| EXERCISE DETAILS |
Starting with the line that has "Samebless Lavigne ft" in the records below and stopping after the line that has "Technology and Innovation", output every line exactly and nothing else; skip pictures.

| RECORDED DATA |
....................

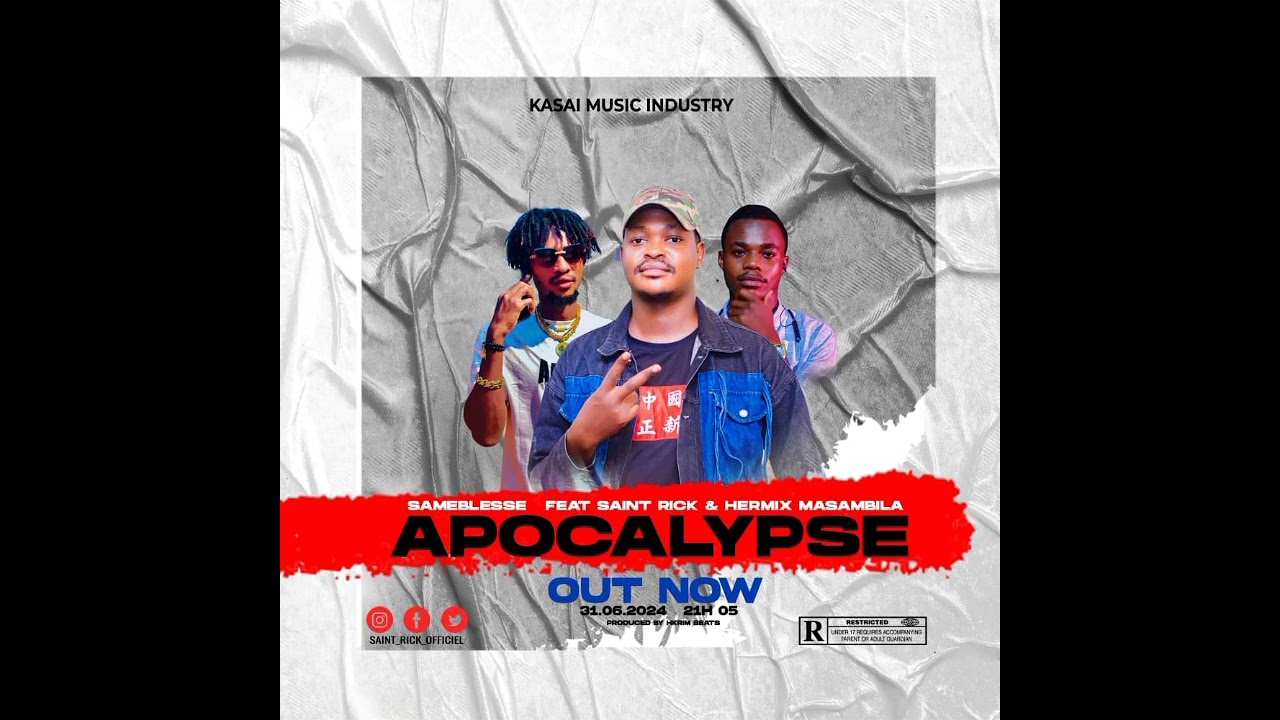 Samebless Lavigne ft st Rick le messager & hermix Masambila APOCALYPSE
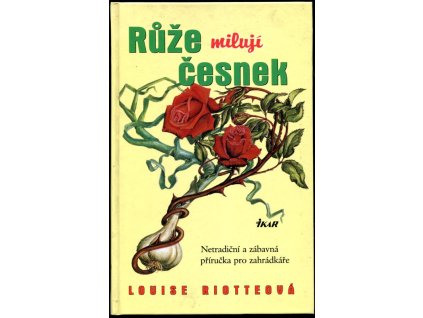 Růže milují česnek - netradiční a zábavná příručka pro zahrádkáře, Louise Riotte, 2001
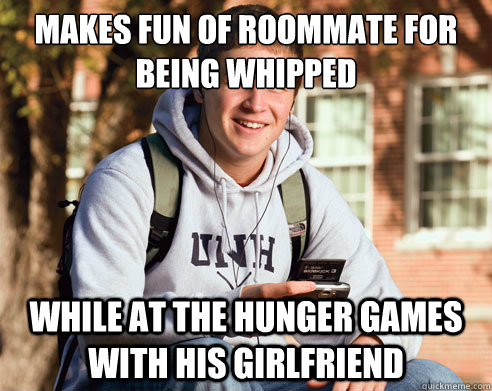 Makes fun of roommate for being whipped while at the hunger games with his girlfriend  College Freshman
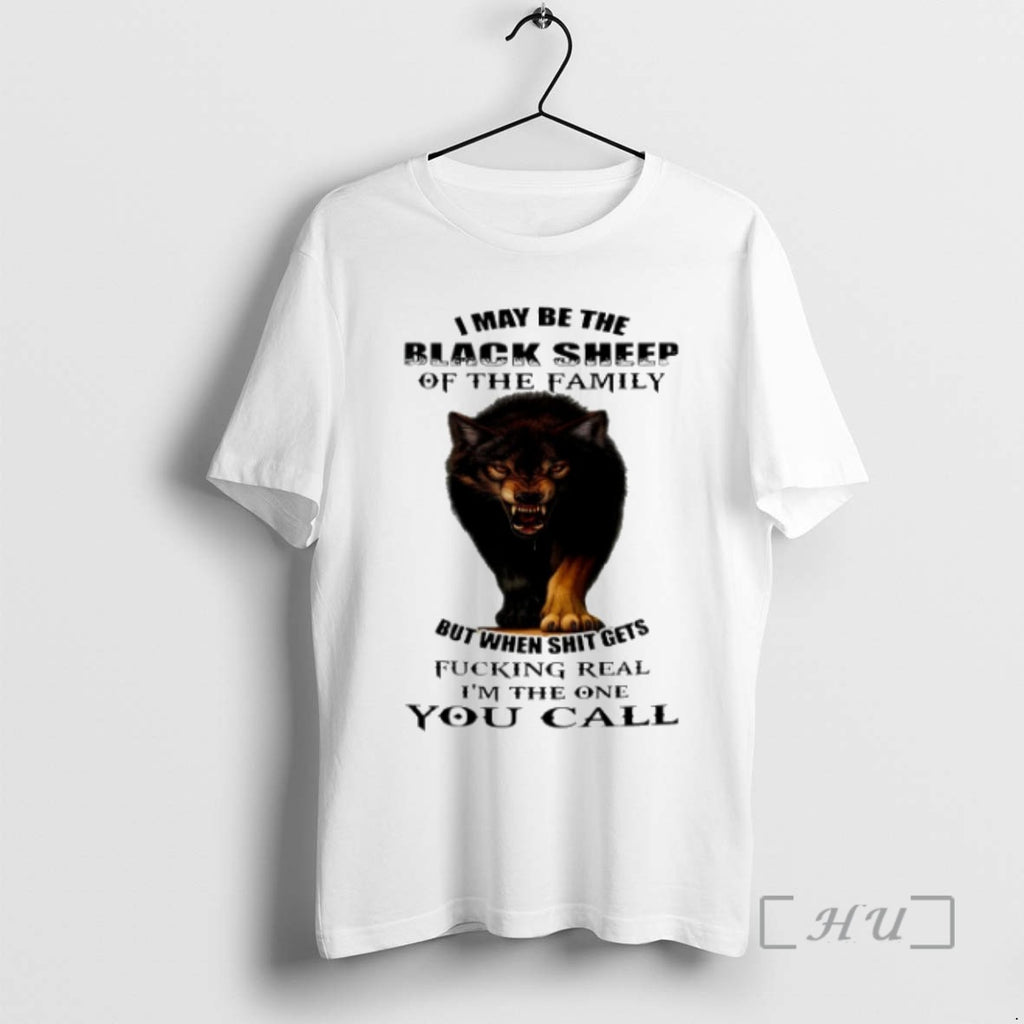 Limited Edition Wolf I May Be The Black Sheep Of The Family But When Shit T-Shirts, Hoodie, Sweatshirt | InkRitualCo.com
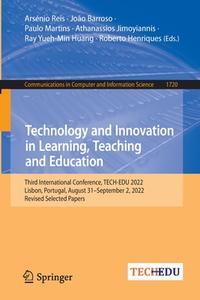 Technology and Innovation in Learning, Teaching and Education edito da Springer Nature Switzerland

....................

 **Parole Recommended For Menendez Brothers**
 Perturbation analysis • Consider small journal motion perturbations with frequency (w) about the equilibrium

....................

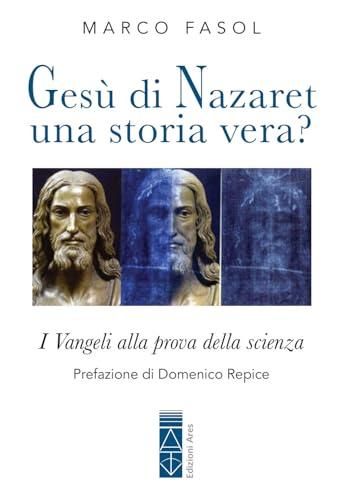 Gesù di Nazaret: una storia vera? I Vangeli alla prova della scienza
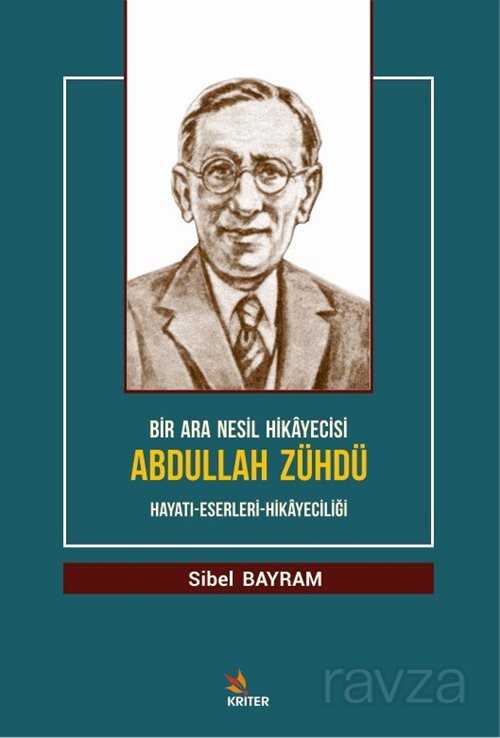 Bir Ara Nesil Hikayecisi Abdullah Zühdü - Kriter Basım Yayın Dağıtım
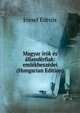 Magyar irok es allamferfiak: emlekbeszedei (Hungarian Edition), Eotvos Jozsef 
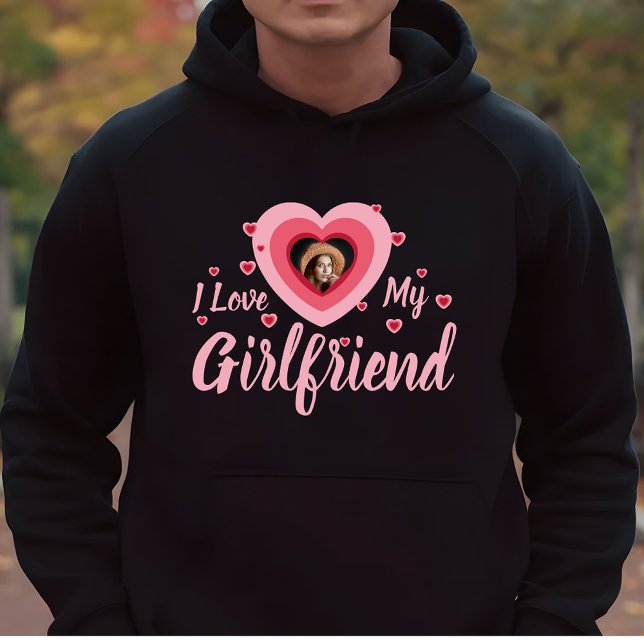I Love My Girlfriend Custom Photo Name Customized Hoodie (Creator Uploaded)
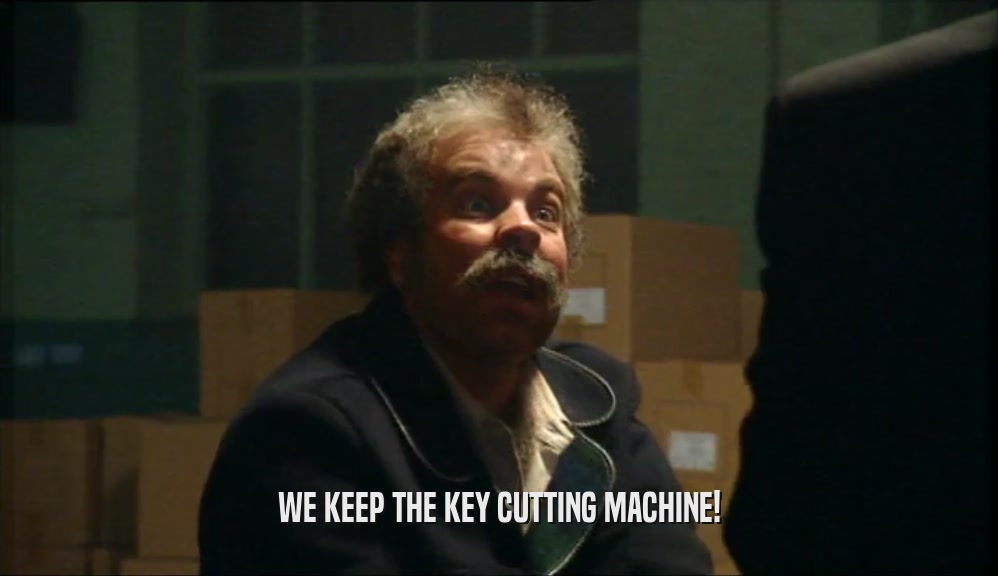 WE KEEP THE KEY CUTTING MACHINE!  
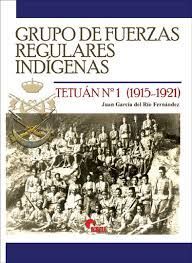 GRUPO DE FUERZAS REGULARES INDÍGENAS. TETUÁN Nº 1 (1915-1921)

....................

| OUTPUT BELOW |
 Samebless Lavigne ft st Rick le messager & hermix Masambila APOCALYPSE
 Růže milují česnek - netradiční a zábavná příručka pro zahrádkáře, Louise Riotte, 2001
 Makes fun of roommate for being whipped while at the hunger games with his girlfriend  College Freshman
 Limited Edition Wolf I May Be The Black Sheep Of The Family But When Shit T-Shirts, Hoodie, Sweatshirt | InkRitualCo.com
 Technology and Innovation in Learning, Teaching and Education edito da Springer Nature Switzerland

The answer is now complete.